# Any reviews on the 2010 quest bows?



## Rockyhud (Sep 17, 2008)

My best friend and I went to Sportsman's Warehouse this past weekend so he could shoot several bows to see which one he wanted to buy. He shot the Quest Primal, Martin Firecat TR2 and Bear Attack. He wound up with the Quest.

From the first shot with the Quest it was very apparent that it was the quietest of the bunch. All of us (my friend, myself and the shop staff) were all impressed with the draw cycle by how very nice and smooth it is. It also has a nice firm wall at the end that I've come to like with my Firecat. It balances nicely both at rest and full draw and without any additional dampeners it is one of the quietest bows with pretty fast speeds I've ever heard. The next quietest was the Bear Attack and then the Firecat TR2.

There was another customer there with a Hoyt Katera who shot this in between our shooting sessions. I was surprised how much noisier the Hoyt was than pretty much any of the bows we were shooting.

When we got back to my house we setup my bag target outside and zeroed in his new sight.

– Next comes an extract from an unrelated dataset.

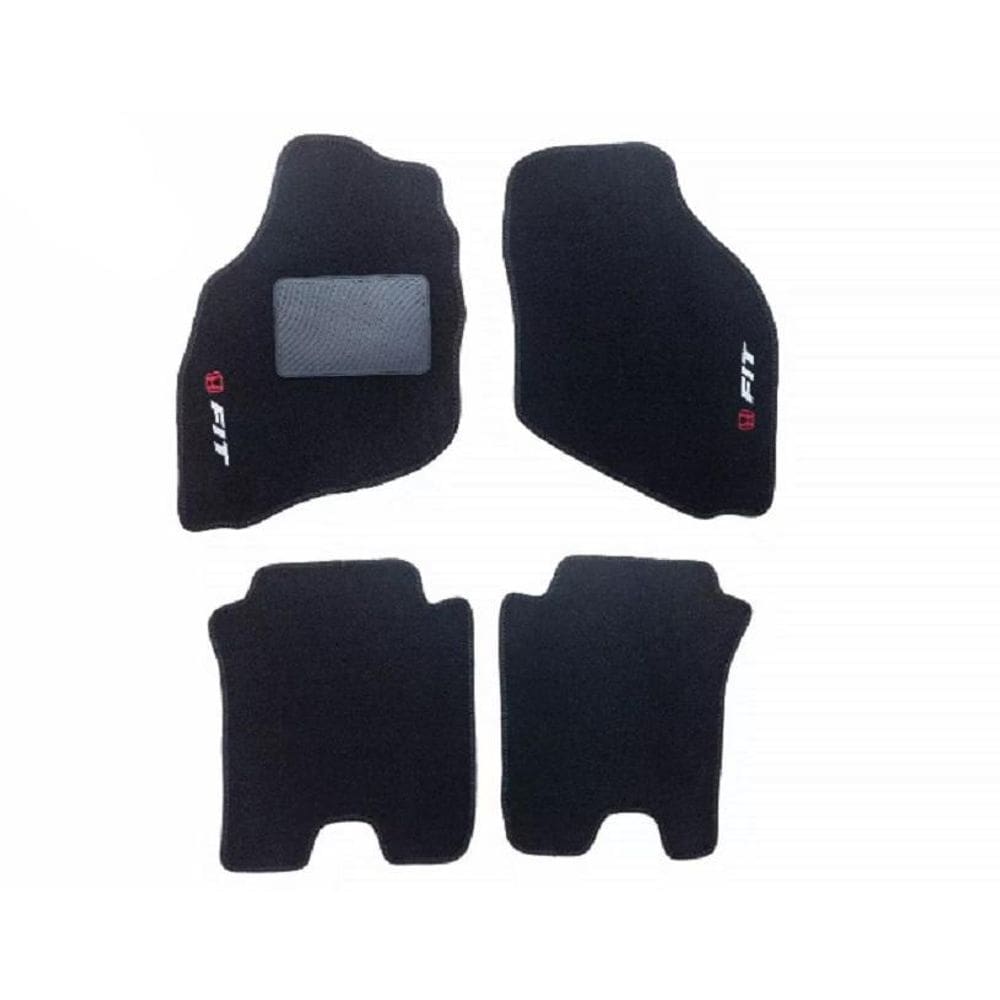 Kit tapete carpete honda fit 2004 até 2008 preto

Even though there was a pretty stiff breeze along with unpredictable gusts above the breeze, my friend was able to hold on target and got some amazingly good groups on his 390 gr arrows from 20, 30 and 40 yards. I think the generous brace height might have something to do with this. Keep in mind he hadn't even shot a bow since about 15-20 years ago so I was pretty impressed with how well he shot, both at the shop and at my outdoor targets.

If I were seriously in the market for a new bow the Quest would definitely by near the top of the the short list.


----------



## Txjourneyman (Dec 7, 2007)

Thanks for the feedback. I have an opportunity to buy a Primal at a very good price. I just have to sell my Marquis first.


----------



## loglew (Sep 21, 2009)

I've shot the primal and the smoke...both are excellent. the g-fade finish is really cool too. :darkbeer:


----------



## trashman36 (May 23, 2009)

I just ordered a smoke with the G fade cant wait to get it.I went to the shop to buy a martin.Just a few shots I was sold one the quest.


----------



## ehansen300 (Mar 26, 2010)

*Hammer*

The Quest Hammer is the smoothest bow I have ever shot, and Its the best bow for the price hands down. You cannot lose by buying this bow I highly recommend it!


----------



## freespirit (Apr 15, 2010)

*Decisions*

Hi Guys, i'm fairly new at this and so far these forums have been great so have been the participants ....great job!!! Now i have a question. I presently have two bows Conquest 3 that runs aprox. 294 ft/sec with 5 grns /inch arrows @60#, Switchback xt runs @ 294 ft/sec with 5 grns/inch @ 67#

I would like to sell both and set myself up with a hunting bow which i use both to hunt and do 3D competition. Criteria must be 60# and run between 330 and 350 IBO without any major compromise, ( my comfort zone is 62-63#) So i came down to 3 bows. Hoyt Alpha burner, Bowtech Destroyer 350 which i had an opportunity to shoot but heard horrible reviews about their service. ) and finally
a Z7 of which a member at the club is having great troubles to tune properly.
I just read the treads about the Quest Primal and it might be just what i'm looking for. Don't forget i live in Montreal,Quebec and we are ages behind the US market and mentality in archery. We have zero access to a supplier who would lets us try a bow. Can anyone shed some reasonable light.


----------



## Atchison (Apr 15, 2009)

freespirit said:


> Hi Guys, i'm fairly new at this and so far these forums have been great so have been the participants ....great job!!! Now i have a question. I presently have two bows Conquest 3 that runs aprox. 294 ft/sec with 5 grns /inch arrows @60#, Switchback xt runs @ 294 ft/sec with 5 grns/inch @ 67#
> 
> I would like to sell both and set myself up with a hunting bow which i use both to hunt and do 3D competition. Criteria must be 60# and run between 330 and 350 IBO without any major compromise, ( my comfort zone is 62-63#) So i came down to 3 bows. Hoyt Alpha burner, Bowtech Destroyer 350 which i had an opportunity to shoot but heard horrible reviews about their service. ) and finally
> a Z7 of which a member at the club is having great troubles to tune properly.
> I just read the treads about the Quest Primal and it might be just what i'm looking for. Don't forget i live in Montreal,Quebec and we are ages behind the US market and mentality in archery. We have zero access to a supplier who would lets us try a bow. Can anyone shed some reasonable light.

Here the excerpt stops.